Campus & Community

Newsom defends gay marriage at forum

3 min read

San Francisco mayor remains hopeful despite state supreme court ruling

(Staff photos Rose Lincoln/Harvard News Office)

San Francisco Mayor Gavin Newsom, who excited the ire of many with his decision to marry gay couples contrary to state law, told an audience at the Kennedy School Forum Tuesday night (Feb. 8) that he remains committed to marriage equality.

“I wanted to put a human face on discrimination,” he said. “It’s one thing to have an ideal, and it’s another to implement that ideal.”

Last February, Newsom ordered the San Francisco County clerk to make a simple change to the marriage application – ridding gender classifications from the form. A lesbian couple, who had been together for 51 years, were the first to exchange vows using the new application. Eighty-seven other gay couples married that first day and more than 4,000 gay couples followed suit.

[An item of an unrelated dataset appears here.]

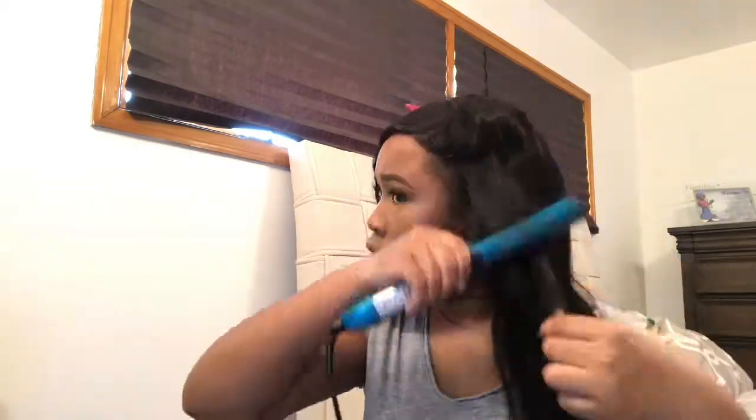Looks like it's just going to be straight because I'm not going to play with it today — I don't have the time. Looks like we're going for straight here today. I'm going to try to do something with the bang. As you can see, this was a very rushed flat iron job.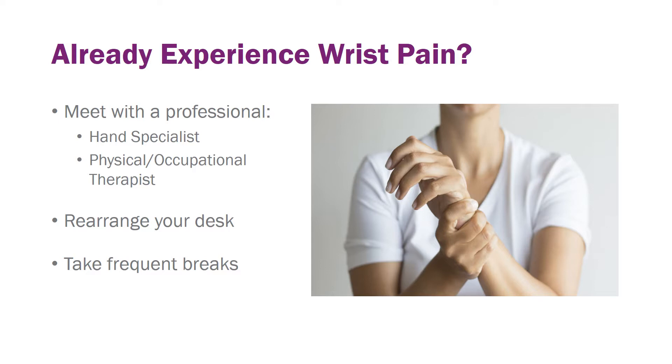If you're already experiencing wrist pain, I would suggest you meet with a professional. Your doctor can refer you to either a hand specialist or a physical or occupational therapist who might be able to give you some more stretches and exercises to strengthen your wrists.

“None of you could have walked the halls of City Hall and not had the same emotional feeling and connection that I did,” Newsome recalled. “We didn’t touch just 4,000 couples. We touched tens of thousands of lives. It wasn’t just about the couples. It was about mothers, brothers, fathers, uncles, and cousins. It was about sons and daughters.”

Within days of the ceremonies, however, opponents took the mayor to court, and last August the California State Supreme Court ruled that the gay marriages performed in San Francisco were not valid. Newsom told the forum audience that despite the setback, he remains determined to continue the fight.

“This is not a country that is immune from codifying and institutionalizing discrimination,” he said, harkening back to laws preventing interracial marriage. “You can’t wait for public opinion to move social justice forward. Women wouldn’t be voting. Blacks probably still wouldn’t be citizens.”

Newsom and
Robyn Ochs (left) and Peg Preble, married in Brookline, Mass., on May 17, were acknowledged by Newsom in his talk. 

Newsom, who was raised Catholic, said he does not buy the argument that allowing gays to marry will undermine the sanctity of marriage. “Marriage didn’t come to an end as an institution [when gays were allowed to marry]. The fact is there is no irreparable harm. We are talking about marriage, an institution of stability. Isn’t that our ideal?”

The Democratic mayor also took aim at some members of his own party, saying they’ve been hypocrites on the issue.

“I can’t stand my party right now. They offend me. So many of our leaders are saying things privately to me now and they are attacking us publicly for what we are doing on the gay marriage thing. It’s wrong.”

In the end, he predicted, gays and straights will be treated equally at the altar.

“Whether you like it or not, this door will never be shut again. Gay marriage is going to be legal in the United States of America. It is a matter of time,” he said.